Identify the line with "two pieces of"; copy word for word that line and every one after it, to the end of the listing. Exclude pictures.

** PROVIDED DATA follows **

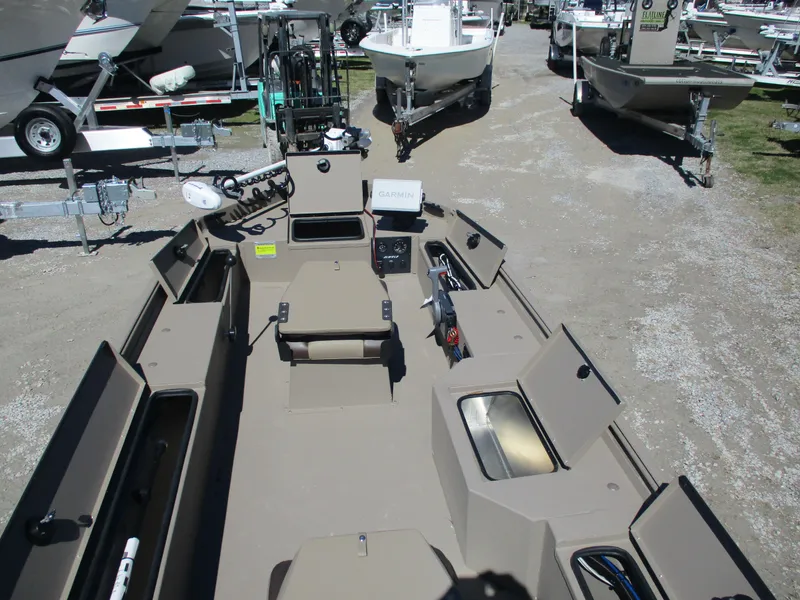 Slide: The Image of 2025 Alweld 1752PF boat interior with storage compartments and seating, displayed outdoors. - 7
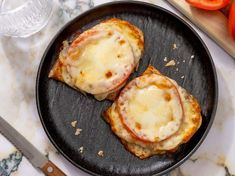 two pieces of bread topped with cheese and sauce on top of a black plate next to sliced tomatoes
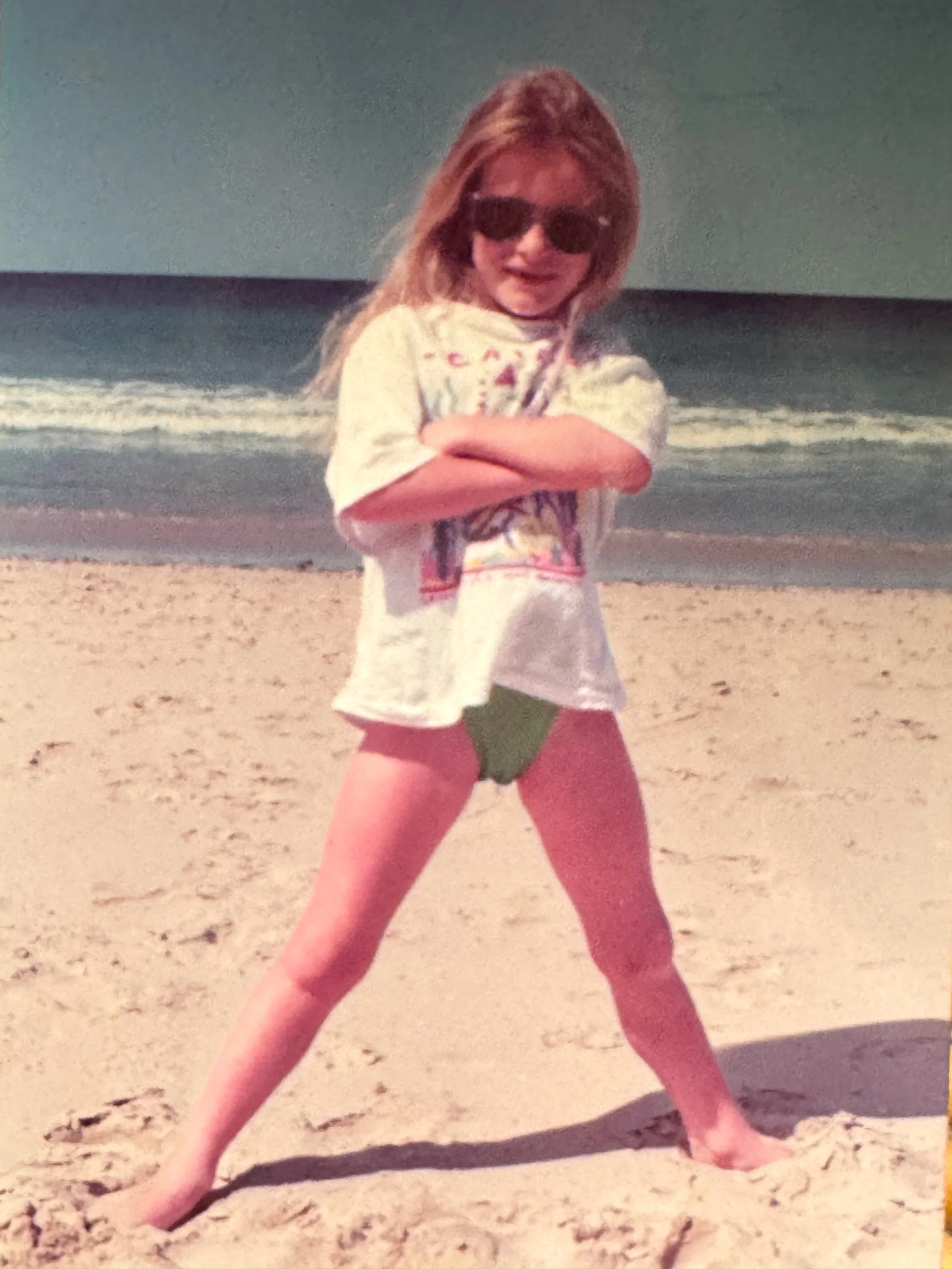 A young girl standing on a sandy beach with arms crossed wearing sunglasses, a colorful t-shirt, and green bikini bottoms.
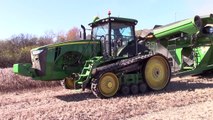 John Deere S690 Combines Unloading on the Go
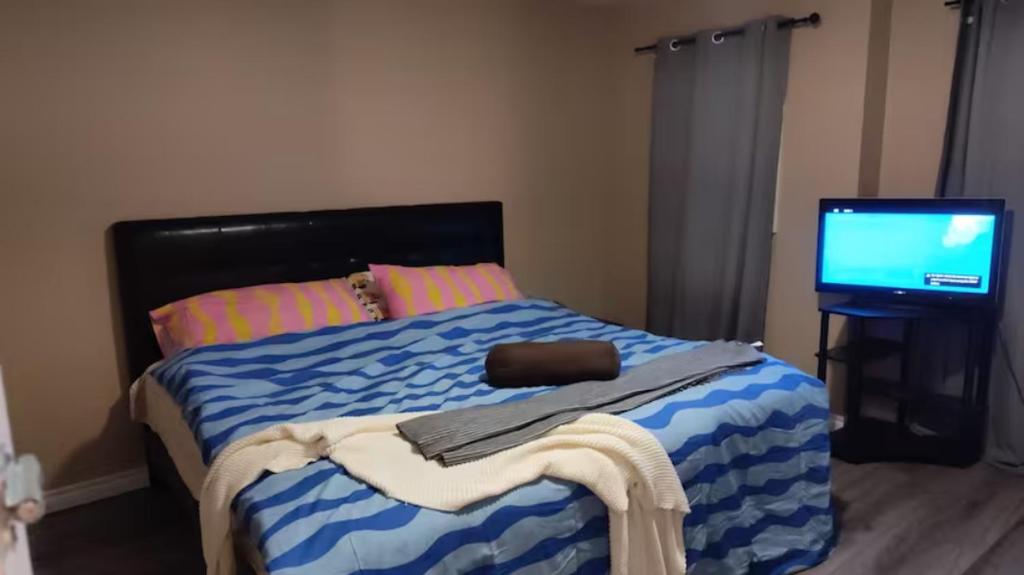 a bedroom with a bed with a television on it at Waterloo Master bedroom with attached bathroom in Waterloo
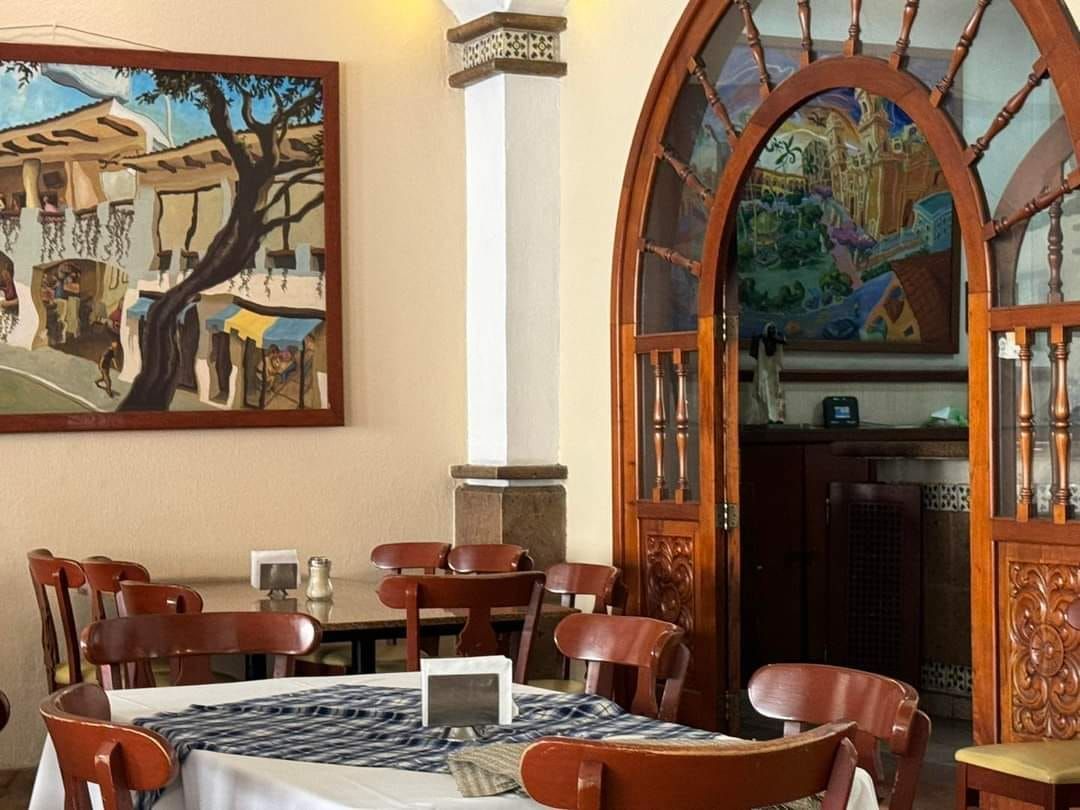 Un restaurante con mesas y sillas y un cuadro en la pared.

** End of PROVIDED DATA **

◆ **OUTPUT**
 two pieces of bread topped with cheese and sauce on top of a black plate next to sliced tomatoes
 A young girl standing on a sandy beach with arms crossed wearing sunglasses, a colorful t-shirt, and green bikini bottoms.
 John Deere S690 Combines Unloading on the Go
 a bedroom with a bed with a television on it at Waterloo Master bedroom with attached bathroom in Waterloo
 Un restaurante con mesas y sillas y un cuadro en la pared.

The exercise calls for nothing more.